The Appellants and the Additional Appellant assert several grounds to demonstrate that engaging in the renewable energy project will cause serious harm to human health, including:
1. Industrial wind turbines ("IWTs") are known to cause a range of serious health effects in approximately 5 to 30 per cent of the population. These health effects are sleep disturbance, headache, tinnitus, ear pressure, dizziness, vertigo, nausea, visual blurring, tachycardia, irritability, problems with concentration, memory and panic episodes associated with sensations of internal pulsation or quivering when awake or asleep, excessive tiredness, and loss of quality of life, all of which can lead to increased morbidity, significant chronic disease and health effects.
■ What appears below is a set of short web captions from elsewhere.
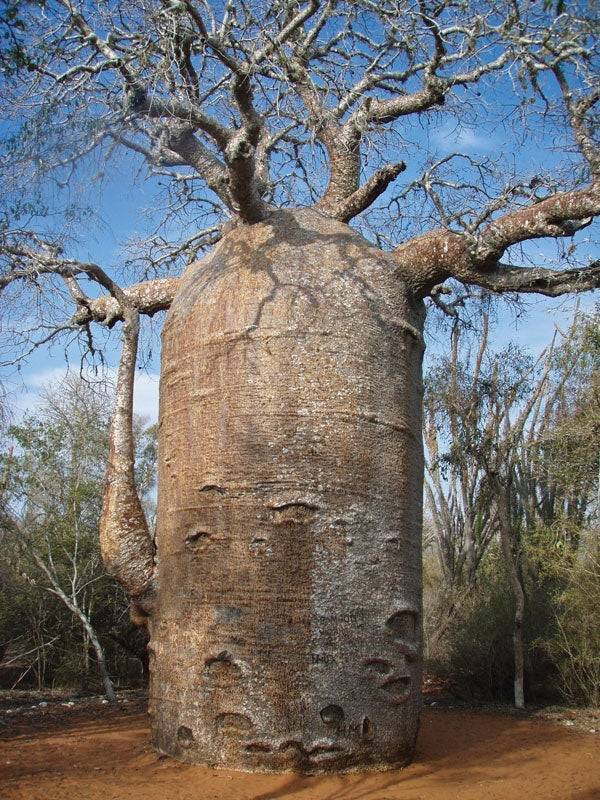 fun randoms - baobab tree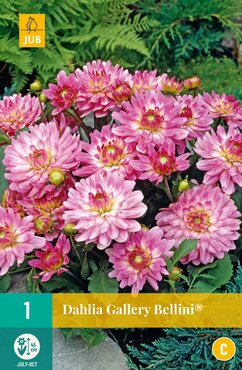 Dahlia Gallery Bellini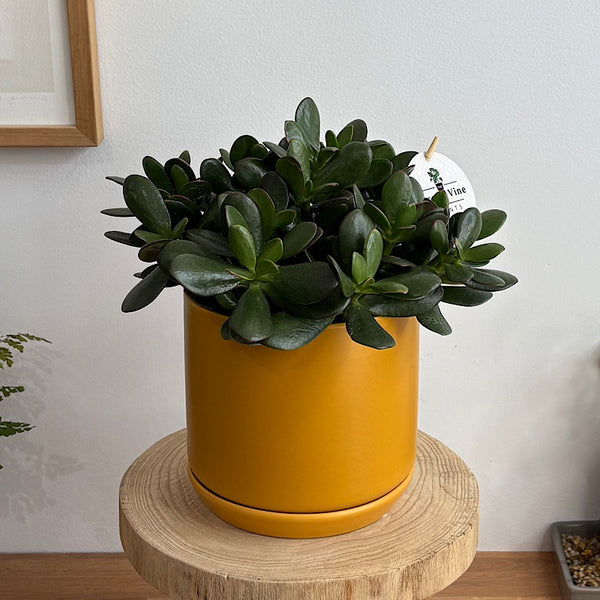 Crassula Ovata Succulent in Medium Oslo Pot Tobacco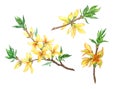 Blooming forsythia branch watercolor painting on a white background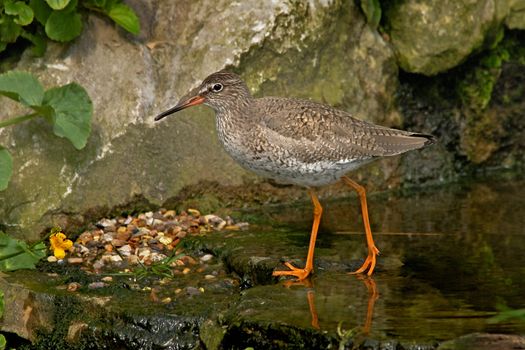 An adult Redshank with it's Summer plumage, in Norfolk, England.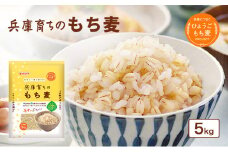 兵庫育ちの もち麦 5kg[国産 キラリモチ 食物繊維 ]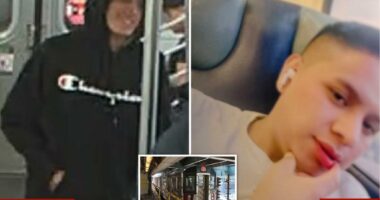 NYC subway rider randomly stabbed by smiling straphanger described as 'quiet' hard worker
2. These health effects are likely caused by exposure to infrasound, low frequency noise, audible noise, visual impact, shadow flicker, stray current and/or electromagnetic fields. The tonality and lack of night-time abatement are factors which also contribute to negative health impacts.
3. While the precise mechanisms that cause these health effects have not been determined, these effects are produced by exposure to IWTs and will be produced by exposure to the IWTs in this project. The precautionary principle is not being followed.
4. These health effects occur at sound levels starting at approximately 30 dbA, which is lower than the levels permitted by the REA for this project. These effects are also known to occur at distances of up to 10 kilometres, which is much greater than the setback prescribed for this project. The incredibly small setback of 550 metres leaves many people vulnerable to illnesses caused by wind turbines.
5. If between 5% and 30% of individuals at points of reception experience the health effects enumerated above, the impact of the project on human health will be very serious.
6. Project infrastructure that is located too close to roads and property lines will also pose a variety of safety issues that will cause serious harm to human health.
The Appellants and the Additional Appellant also assert grounds to demonstrate that engaging in the renewable energy project will cause serious and irreversible harm to plant life, animal life or the natural environment, including:
1. The construction and operation of this project will cause serious and irreversible harm to plants, animals and the natural environment inside and outside of the project area, especially when cumulative impacts are taken into consideration.
2. Bats, raptors, and other flora and fauna are at risk from habitat destruction and disruption resulting from this project.
3. A substation will be located 187 metres from an active bald eagle nest. This is too close by provincial standards.
4. Wildlife, livestock, natural areas and crop land would be at risk of severe harm should a wind turbine catch fire.
The Appellants and the Additional Appellant are requesting that the Environmental Review Tribunal revoke the MOE Director’s decision to issue the REA, and will be seeking a stay of the decision.
One of the Appellants (Harvey Wrightman) and the Additional Appellant also intend to question the validity of sections 47.5 and 142.1 of the Environmental Protection Act and to seek a remedy under section 52 of the Constitution Act, 1982 declaring these provisions inoperative insofar as they allow for the violation of the Appellants’ rights under section 7 of the Canadian Charter of Rights and Freedoms (the “Charter”). This Appellant and the Additional Appellant also intend to claim a remedy under subsection 24(1) of the Charter in relation to an act of omission of the Government of Ontario.